Field addresses many of the points raised in my previous post in his essay by this title (reprinted in “Realism, Mathematics, and Modality”) and I realize that I should have had an idea of what he would do anyway, having read the introduction to that book. He believes in a primitive modal notion of logical consequence that may in fact be quite powerful, to which both the syntactic and semantic consequence relations described by proof theorists and model theorists are approximations. The fact that one is an upper bound and the other is a lower bound, and that in some languages they coincide, is evidence that these approximations are exact for those languages.

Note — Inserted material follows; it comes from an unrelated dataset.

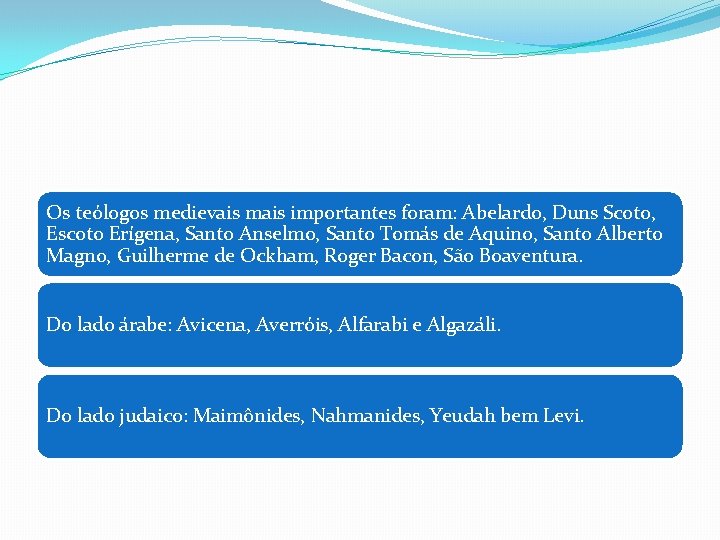 Os teólogos medievais mais importantes foram: Abelardo, Duns Scoto, Escoto Erígena, Santo Anselmo, Santo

However, these results (and even the theories themselves) only really make sense from a platonist perspective, because they discuss abstract entities like deductions and models.

Shapiro on Conservativeness

1 03 2005

In “Conservativeness and Incompleteness” (from 1983), Stewart Shapiro attacks Field’s program for nominalizing physics (and eliminating mathematics) by showing that the addition of ZFC to the nominalistic theory of gravity that he gives is in fact deductively non-conservative. That is, the system encodes arithmetic, and therefore has undecidable Gödel statements. These statements are provable when the full first-order theory of ZFC is added though, because of Field’s representation theorem. These statements are semantic consequences of Field’s theory (as in, every actual model of the second-order nominalistic theory satisfies these formulas), but because of the incompleteness of second-order deductive logic, these statements aren’t theorems of the system.

This sounds to me like a fairly decisive argument against Field’s program, unless Field wants to argue that a purely first-order theory is sufficient for physics.

It also seems to trade on the fact that there are second order semantic consequences that we can recognize independent of any deductive system. If one’s picture of mathematics is like Dummett’s view seems to be (that mathematics is the study of the a priori – a set of pre-packaged deductions to be applied wherever the premises are satisfied) then this suggests that either some of this second-order reasoning is not a priori valid (and therefore not part of mathematics) or that our deductive system for the nominalist theory is not fully recursively axiomatizable, because we’re willing to accept reasoning representable as the full second-order system here.

I’ll have to revisit these thoughts when I’ve had more sleep.